Nicholls was just one of many coordinating the response earlier this month. But, the relief effort stretched across the state in the days that followed.
"If we don't have our neighbors and ourselves to be able to respond to disasters and catastrophes, we don't have anything," said Corey Sloan, who joined the incident response team.
The former Cameron police chief joined Clinton County's Emergency Management Director Blair Shock to help with flood relief. They said they stepped in with regional support when the first responders needed a break.
"When you demobilize, the real recovery begins. That's the longest and hardest process in disaster response and recovery," said Shock.
Whether it's watching rapidly rising waters, or organizing supplies for flood victims, coordination is key.
"It kind of goes back to the theory that no agency can handle and emergency of that magnitude by themselves.

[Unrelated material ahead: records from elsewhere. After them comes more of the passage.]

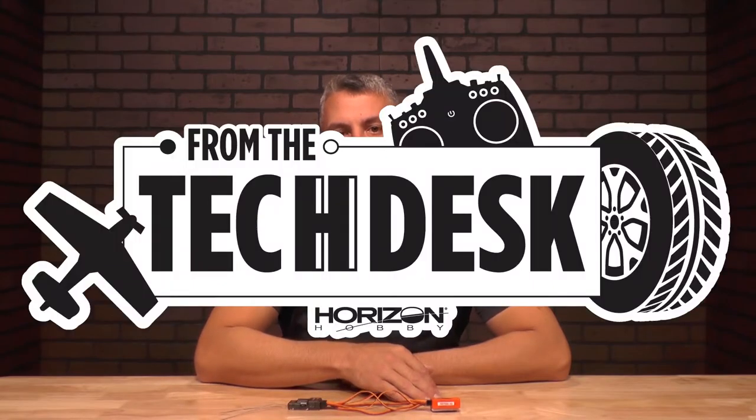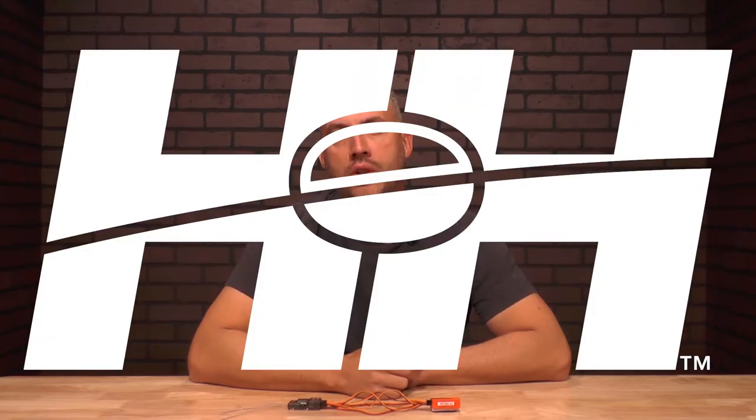Well, there you have it — how you plug in your Spectrum 6 channel receiver to your FMS Reflex V2. Thanks again for watching. For more tips, tricks, and videos from RC Experts for Horizon Hobby.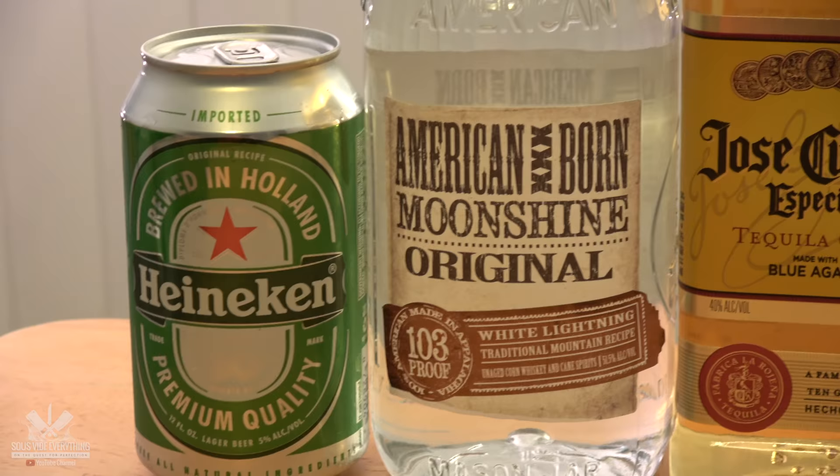Welcome back to Sevilla Everything guys. Today we're marinating some steaks in alcohol. We have no idea what to expect, but it sounded cool when we were thinking about it, so we're gonna give it a try.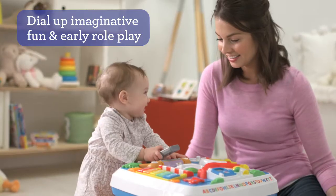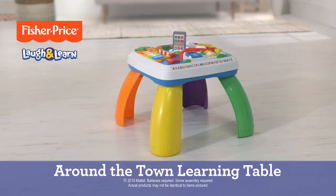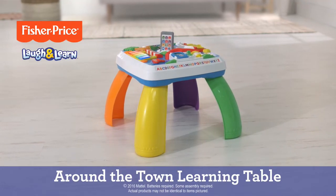Hi there! Hello! Where should we go? Meet me at the market, then we'll walk around the zoo. Off to the farm, then we'll all go home. Phew!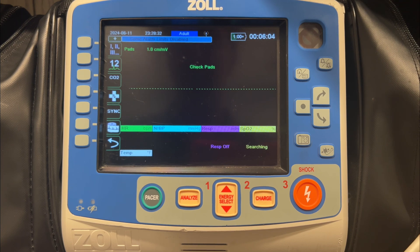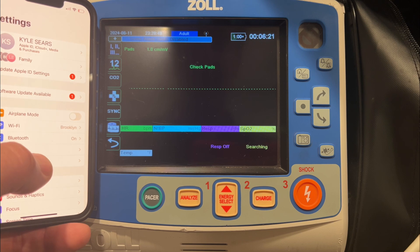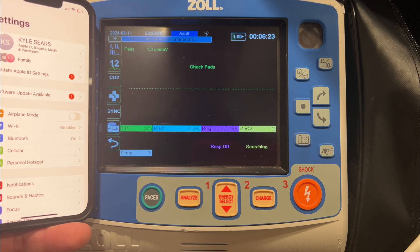With iOS, it's important to understand that it works via Bluetooth. The device and either the phone or tablet — an iPad in this case — are going to connect via Bluetooth and then move data using the personal hotspot on those devices. The first thing to check is under settings to make sure your personal hotspot is active. If it's not, it doesn't have the ability to move data at all.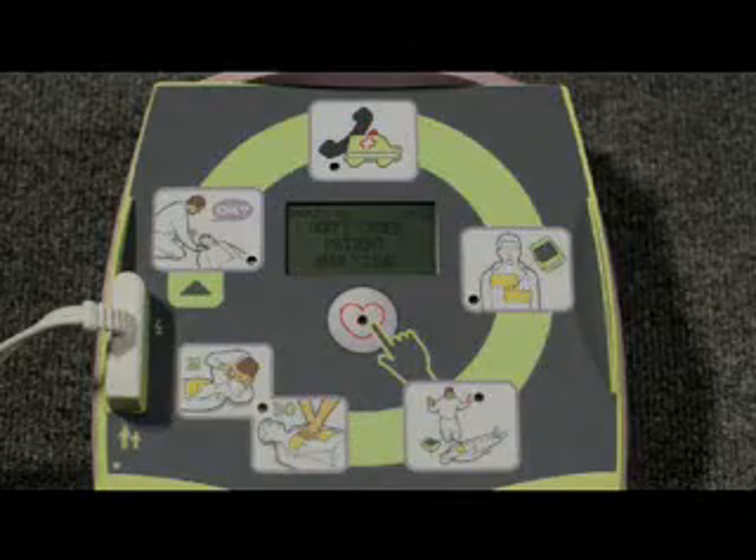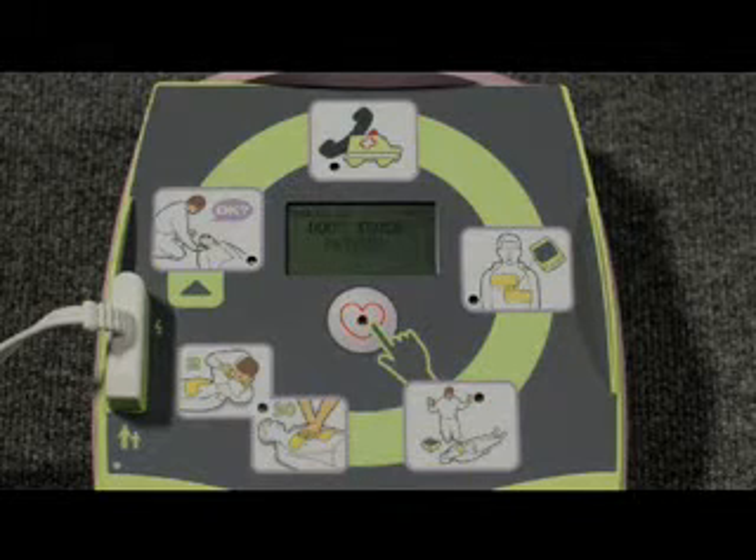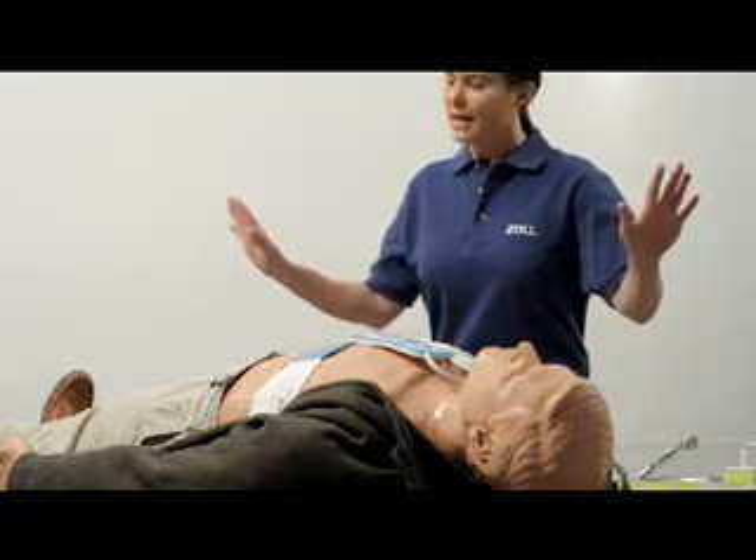Don't touch the person while the AED is analyzing the heart. If a shock is needed, be sure that no one is touching the patient.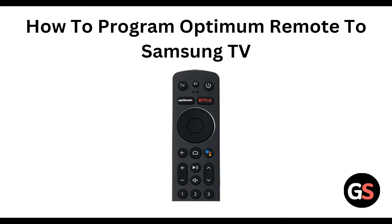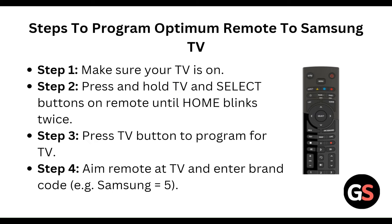Hello everyone, welcome to our YouTube channel. In this video, we will guide you through the process of how to program an Optimum remote to a Samsung TV, step by step.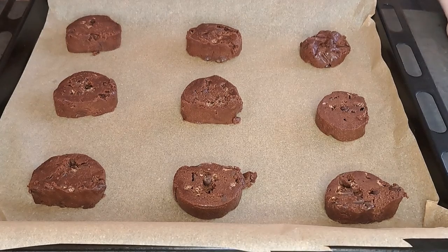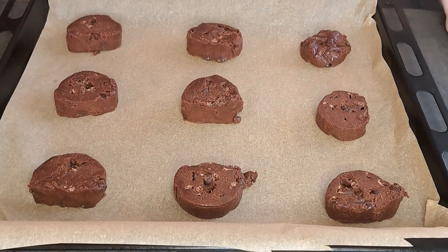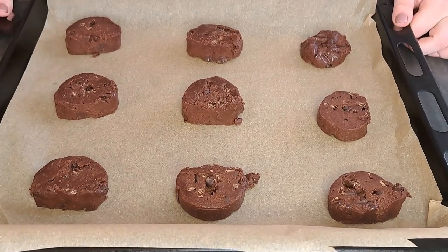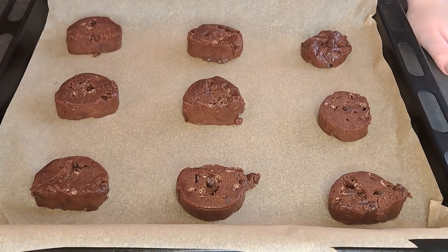I have preheated my fan oven to 160 degrees. I'm now going to place them in the oven for 12 to 15 minutes. They will come out soft but once they have cooled down they will be really firm.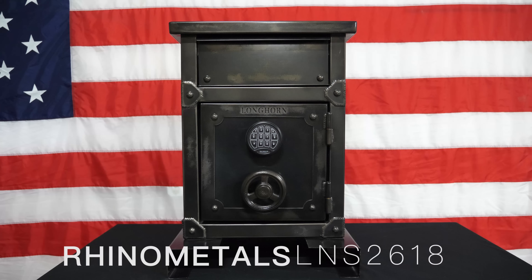Hi guys, Phil from Rhino Metals here. I want to show you our brand new nightstand safe, the L&S 2618.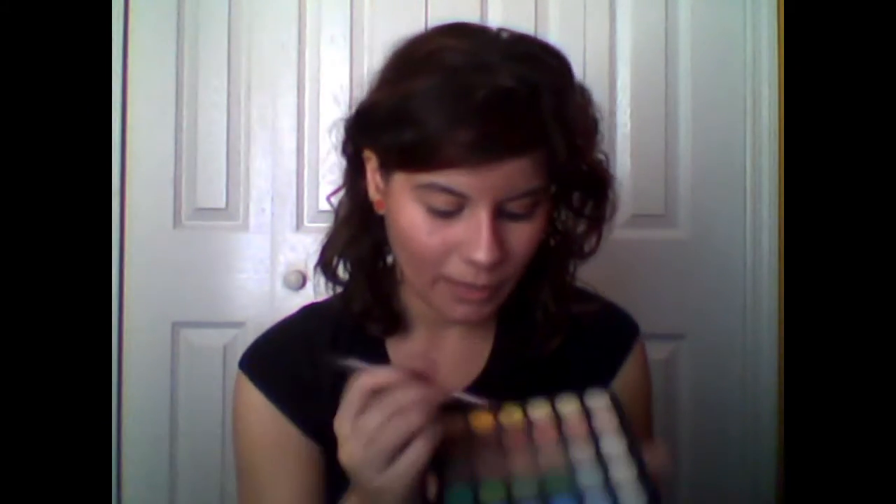First of all, I'm going to be redefining my eyebrows as usual. Now for the eyeshadows, I'm going to be applying a peach tone color and apply this all over the lid.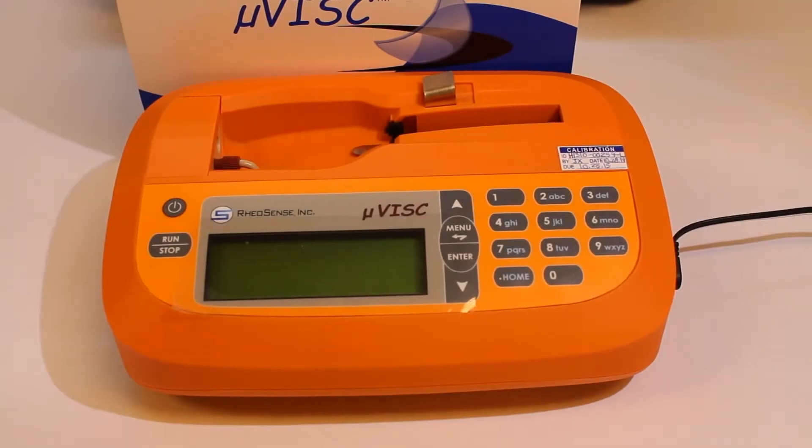In this video, I'm going to show you how to perform your first viscosity measurement. If you have not yet watched the videos on microvisc precautions or sample loading, please go watch those before attempting this step.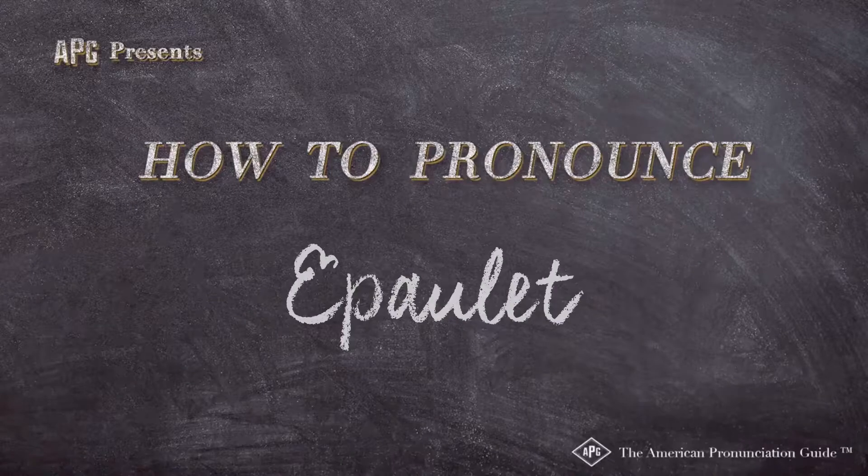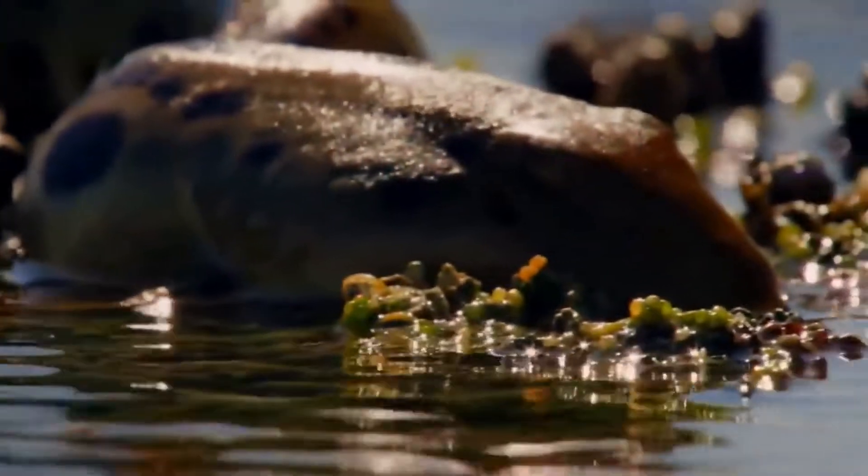The American Pronunciation Guide presents: How to Pronounce Epaulettes. The epaulettes left high and dry.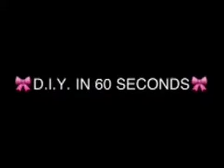DIY in 50 seconds. How to make chocolate scrub.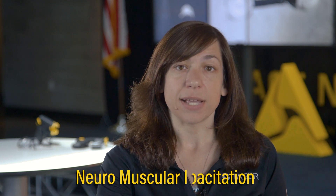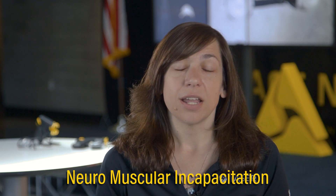When we talk about the difference between a stun gun and a Taser Pulse+, the big thing is NMI, or neuromuscular incapacitation. A stun gun affects the sensory nervous system only, meaning it causes pain but it's not incapacitating a person.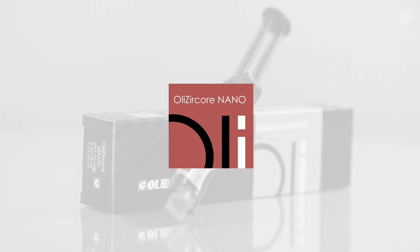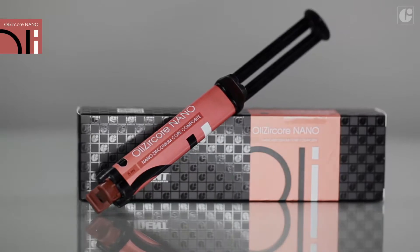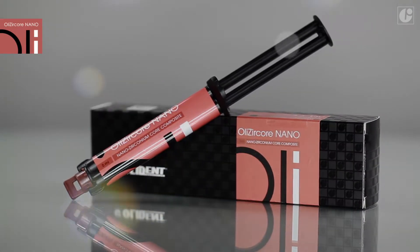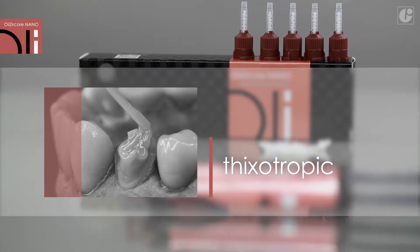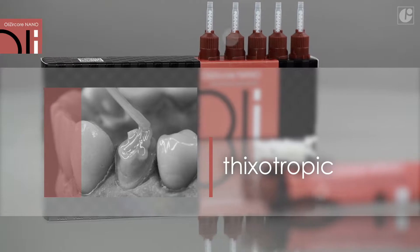OliCircore Nano is a dual curing flowable composite material designed for core buildup and post cementation. Owing to its perfect balance between flowability and stability, OliCircore Nano can be mixed and applied easily. It does not show any resistance when placing a post into a canal, and at the same time does not flow from the preparation field.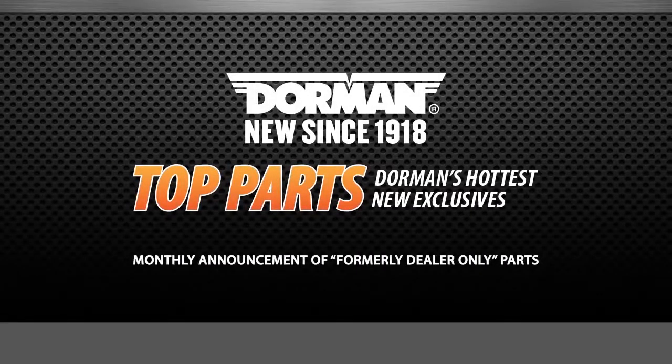Dorman Products Top Parts Overview video — a monthly announcement on new formerly dealer-only parts.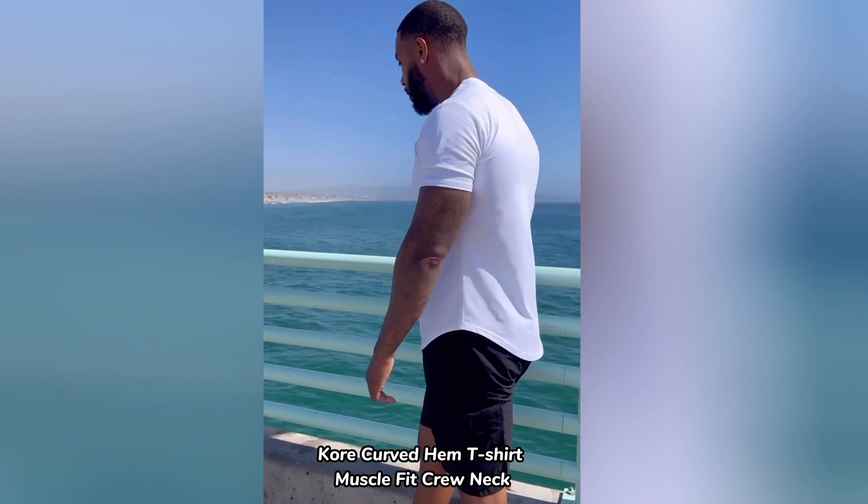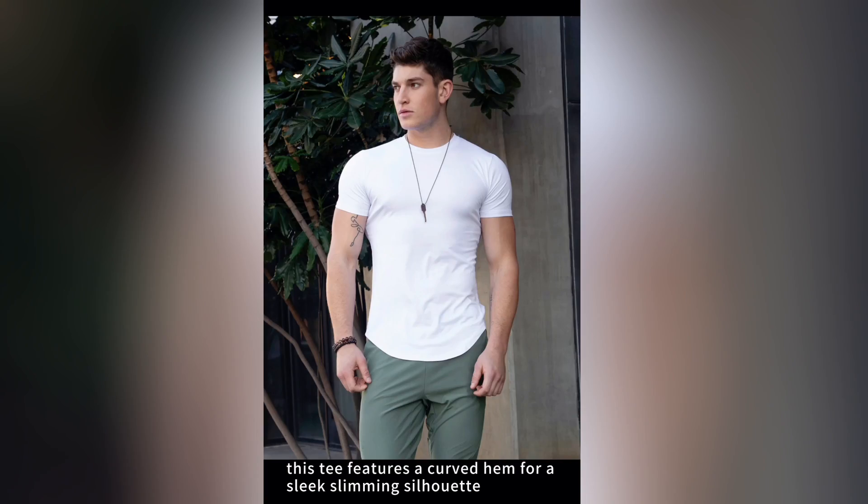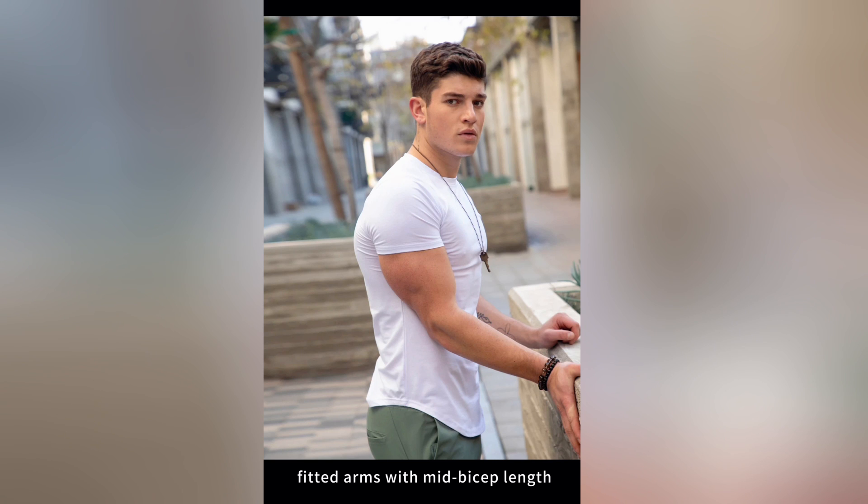Introducing our Core Curved Hem T-Shirt, Muscle Fit Tech Crew Neck. This tee features a curved hem for a sleek slimming silhouette, with fitted arms and mid-bicep length.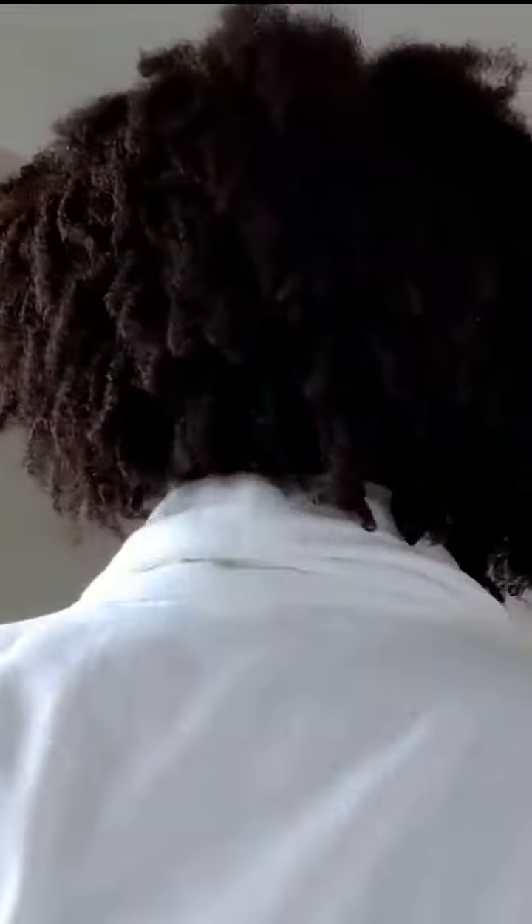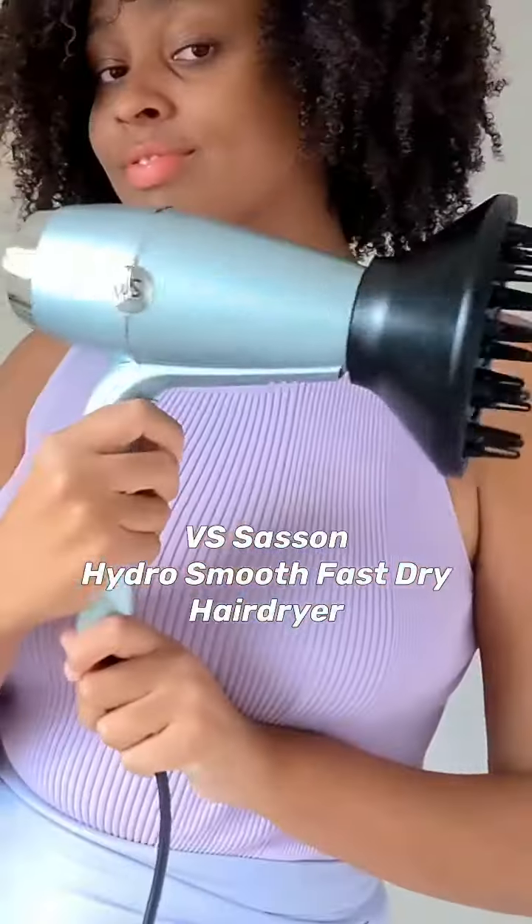How I transform my curls from this to this. Hi, my name is Aisha and this is how I've been transforming my curls with the VS Sassoon HydraSmooth Fast Dry Hair Dryer.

We have to depend on each other," said Sloan.
"That's reality wherever you go. No single emergency management agency has the ability to effectively manage a disaster within their jurisdiction for an extended period of time," added Shock.
Sloan and Shock hope this regional effort is one that will continue.
Additional training is planned to build an incident response team connecting northwest Missouri with other parts of the state. That way, if our area sees disaster, our neighbors in emergency management will be ready to respond.
Sloan and Shock are already working with Region D in southwest Missouri to coordinate training dates for the incident response team. The first sessions begin in September.